Already in the MMO forum, it's the whole of battle.net. And i don't think people realise how massive this is yet, blizzard spends millions on security...they're not some little chickenshit outfit. To be busted wipe open the way they have is enormous and opens up serious questions on the amount of personal details we give these companies.

hacking community sites and phishing for usernames/passwords is one thing, assfucking sony, xboxlive and blizzard is another. So err, if you have an origin and steam account...you might wanna remove any CC info pronto.

 

[Ulminati]

Who in their right mind saves CC info on sites longer than it takes to perform whatever transaction you're paying for O_o

Probably the same schmucks who don't keep seperate passwords for forums/banking/amazon/steam/whatever.

 

[fizzelopeguss]

Who in their right mind saves CC info on sites longer than it takes to perform whatever transaction you're paying for o_O

you'll be surprised, steam practically relies on it during sales periods (their biggest revenue earner) under a guise of "convenience".

Amazon "buy in 1-click" or whatever they call it.

MMO recurring subscriptions (i usually go for time cards).

it's getting a bit retarded when computer games require as much security input as your bank account.

 

[DraQ]

I don't buy shit through steam and I keep it offline whenever not installing or updating something IN ADDITION TO not storing any sort of sensitive data on it.

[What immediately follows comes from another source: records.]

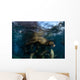 California Sea Lions Playing Wall Decal Design 3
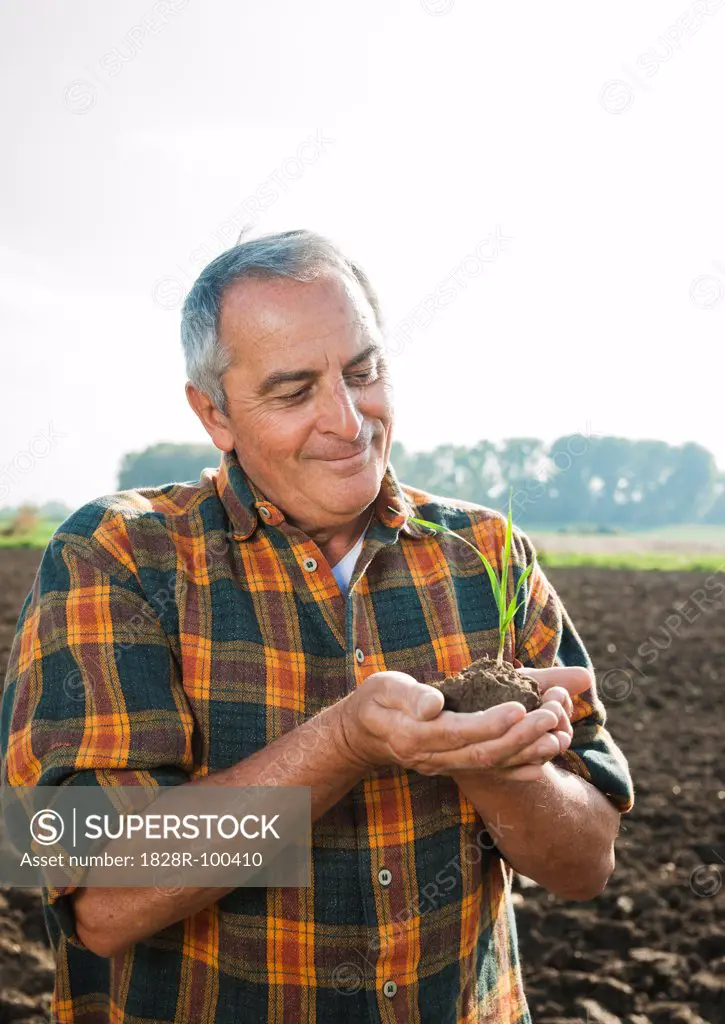 Portrait of farmer standing in field, holding seedling plant from crop, Germany. 10/09/2013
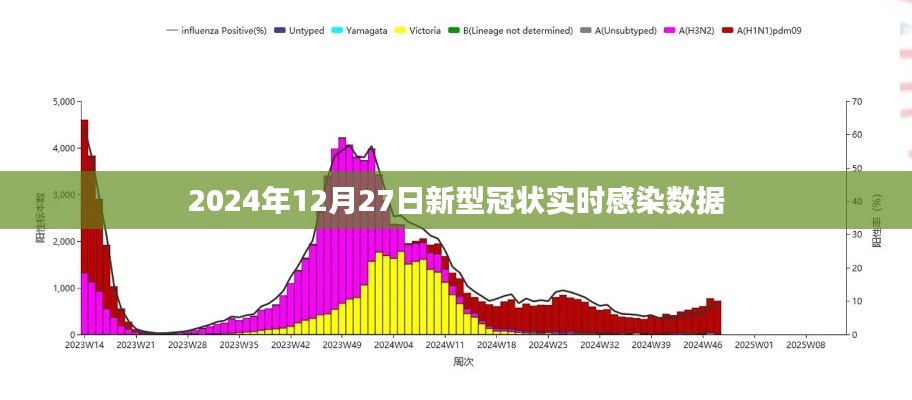 全球关注,2024年12月27日新型冠状病毒实时感染数据报告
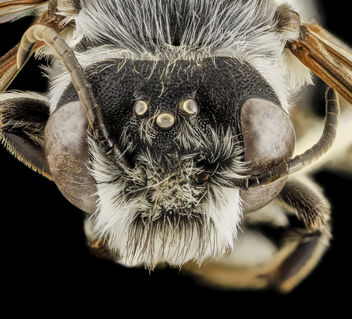 Megachile frugalis, M, Face, Pg County, MD_2014-01-30-11.10.08 ZS PMax - бесплатный image #282485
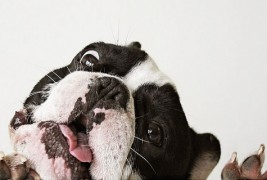 Слатки булдози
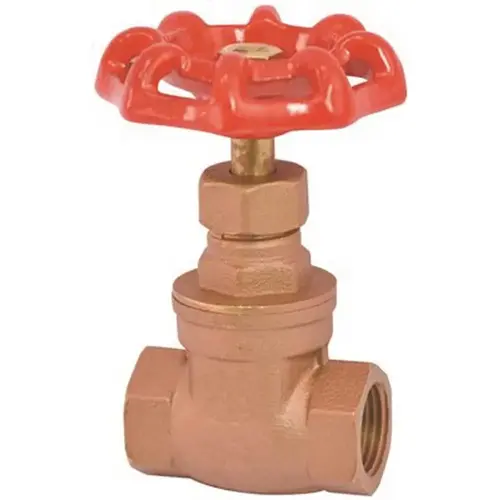 Brass 1/2 in. FIP x FIP Gate Valve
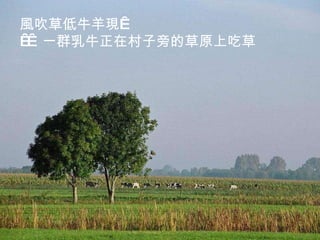 風吹草低牛羊現      一群乳牛正在村子旁的草原上吃草  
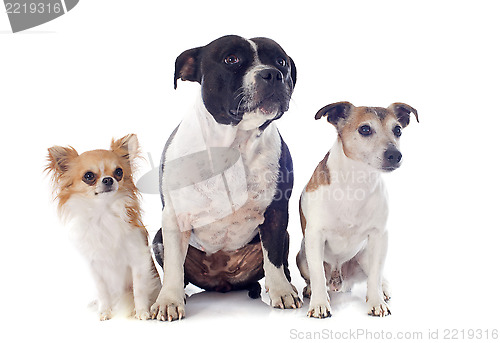 Image of three dogs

I treat it as what it is - a bit more tolerable than normal DRM.

 

[fizzelopeguss]

Steam are terrible, their UK prices are a joke and the shit that goes on sale i've already probably played/pirated already.

Decent aggregator of F2P shite though, their download servers are blazing fast to download clients from.

 

[aris]

Diablo 3 is the gift that keeps on giving if you didn't purchase it and are content to watch the trainwreck from afar. You think the whole thing is over save for the screams of the injured, then something ignites a chemical tank and you get a whole new set of 'splosions to "ooh!" and "aaah!" at.

Good thing my battle.net password hasn't been touched since I grew tired of Starcraft 2. It's about a dozen password changes behind everything else I use. By all means, chinese hackerbros. Go to town with my battle.net account. There's nothing on it worth stealing anyway

Waiting for gaudaost to write an elaborate argument that tries to cast the blame onto the people who forgot to buy some additional blizzard email protection service. Or how about you, fizzelopeguss? Still going to maintain that diablo 3 isn't several levels of buttrape the consumer beyond TOR?

Holy shit? You're part of codex staff now? Seems like your buttlicking has really payed off, and that this forum really is declining.

 

[Metro]

Who in their right mind saves CC info on sites longer than it takes to perform whatever transaction you're paying for o_O

Probably the same schmucks who don't keep seperate passwords for forums/banking/amazon/steam/whatever.

Sometimes the companies continue to store your information on their servers even if you select delete/opt out or whatever. Not surprisingly they aren't 100% honest about things.

 

[Ulminati]

True. But at least it means that if your account gets hijacked, they don't automatically get the CC info to use elsewhere as well. the alternative is not shopping online at all sadly. :/

 

[Mother Russia]

Blizzard is fucked.

Are they trying to blame Chyna? I mean, didn't they say all passwords outside of China were hacked...or something like that.